Sedangkan di tempat yang beda Andre dan Alana bertengkar hebat. Alana yang kesal karena Andre yang sulit di hubungi dan datang telat, sedangkan Andre yang kesal pengorbanannya seperti sia-sia. Ia yang masih kurang enak badan, rela-relain ke tempat Alana, nyatanya sampai sini malah di marah-marahin.
"Aku tuh capek Mas kalau di giniin. Kamu mulai tak mempedulikan aku," teriak Alana kesal.
"Gak memperdulikan gimana? Kenapa kamu selalu iri sama Zahra Al? Kenapa? Dia istri pertamaku, bahkan aku tak pernah menyentuhnya sampai sekarang, apa itu masih kurang? Aku juga meninggalkan dia di rumah sendirian hanya untuk menikah denganmu dan bulan madu ke Bali. Aku bahkan tak peduli bagaimana perasaannya. Aku juga bukan hanya tak menyentuhnya, aku juga tak memberikan ia uang untuk memenuhi kehidupannya padahal ia kini menjadi tanggung jawabku. Tapi aku malah membiarkan dia cari uang sendiri untuk memenuhi kehidupannya. Aku juga jarang ada waktu untuknya, aku pulang ke rumah dia hanya untuk numpang makan dan tidur. Itupun sampai detik ini aku dan dia pisah kamar. Apa itu masih belum cukup Al? Kenapa kamu berubah? Bahkan setelah apa yang aku lakukan, ia tak membenciku. Ia malah merawatku di saat aku sakit. Sungguh Al, aku tak mengerti dengan apa yang ada di kepalamu. Kamu hanya memikirkan perasaanmu tanpa mempedulikan perasaanku ataupun perasaan Zahra. Aku kecewa sama kamu Al," ucap Andre mengungkapkan isi hatinya. Ia duduk di sofa dan menundukkan kepalanya.

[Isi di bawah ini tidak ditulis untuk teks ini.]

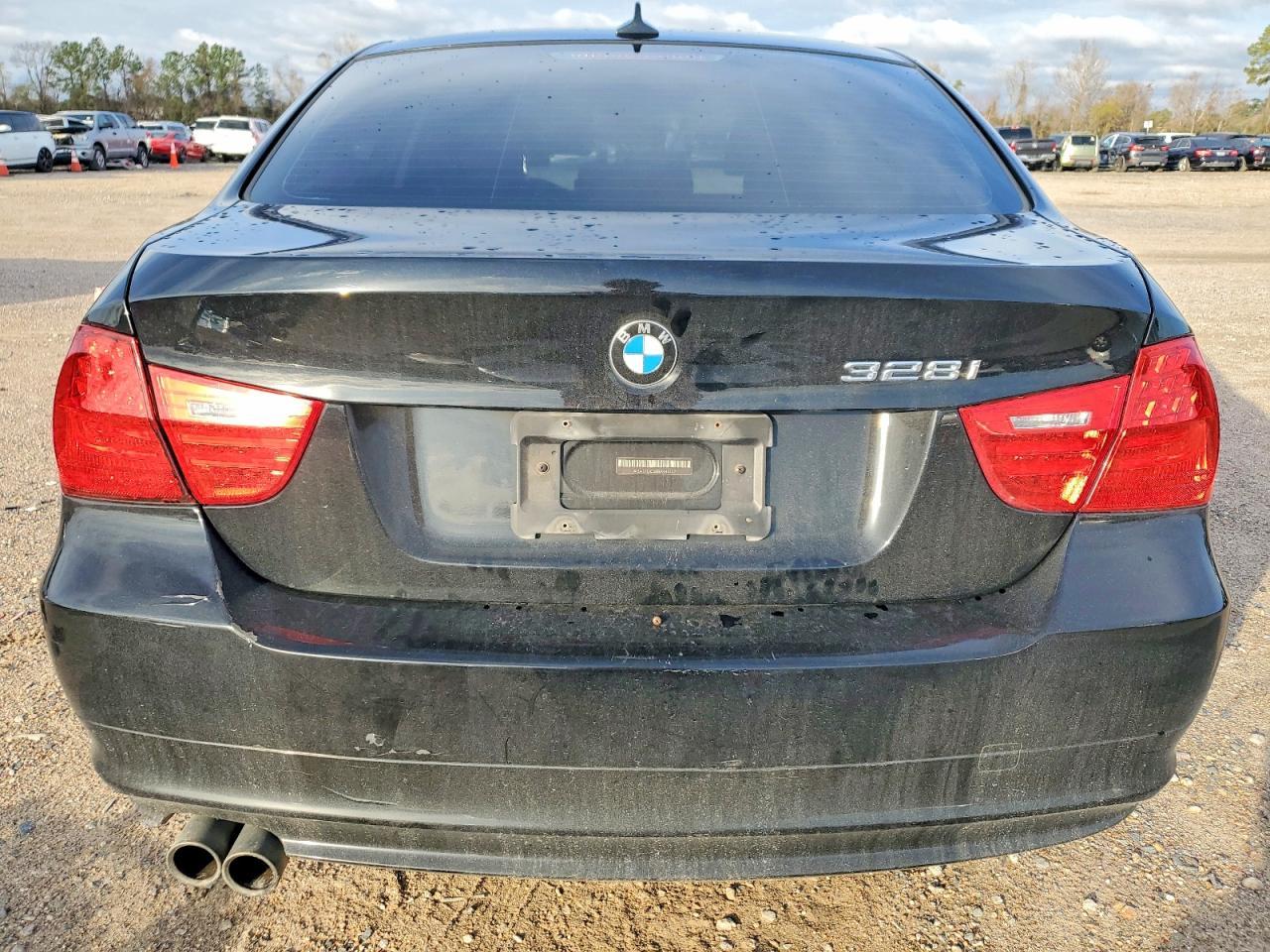 2011 BMW 3 SERIES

"Aku seperti ini karena aku mencintaimu, Mas. Apa aku salah jika aku takut kamu jatuh cinta padanya.
Aku takut kamu dan dia melakukan hubungan suami istri seperti apa yang kita lakukan. Apa itu salah?"

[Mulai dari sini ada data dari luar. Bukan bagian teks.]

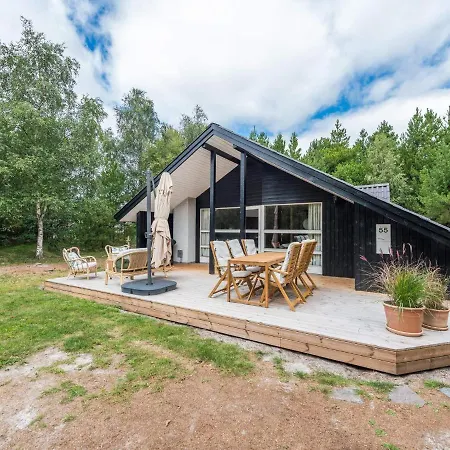 Holiday home Iii *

"Emang kenapa jika aku melakukannya Al. Dia istri pertamaku, bahkan aku menikah secara agama dan negara. Apa aku salah jika aku mencintai istriku sendiri? Apa aku salah jika aku meminta hakku padanya? Berdosakah aku?" tanya Andre frustasi.
"Mas, kamu kok ngomong gitu sih?" tanya Alana.
"Sudahlah Al, jika kamu terus menerus seperti ini Aku lama-lama muak juga sama kamu. Kita bahkan baru nikah seminggu lebih tapi rasa cemburumu sampai sebesar ini, gimana jika berminggu-minggu atau berbulan-bulan?" tanya Andre.
"Lebih baik aku tidur di hotel aja. Aku lelah Al, aku juga butuh istirahat. Jika di sini, aku bukannya cepet sembuh tapi bisa-bisa aku sekarat di sini." Andre pun pergi meninggalkan Alana begitu saja.
"Mas, jangan pergi," ujar Alana. Namun Andre tak memperdulikannya. Ia tetap melangkahkan kaki keluar dan untungnya ada ojek di depan rumah Alana membuat dia langsung menggunakan jasa ojek tersebut untuk pergi ke hotel terdekat.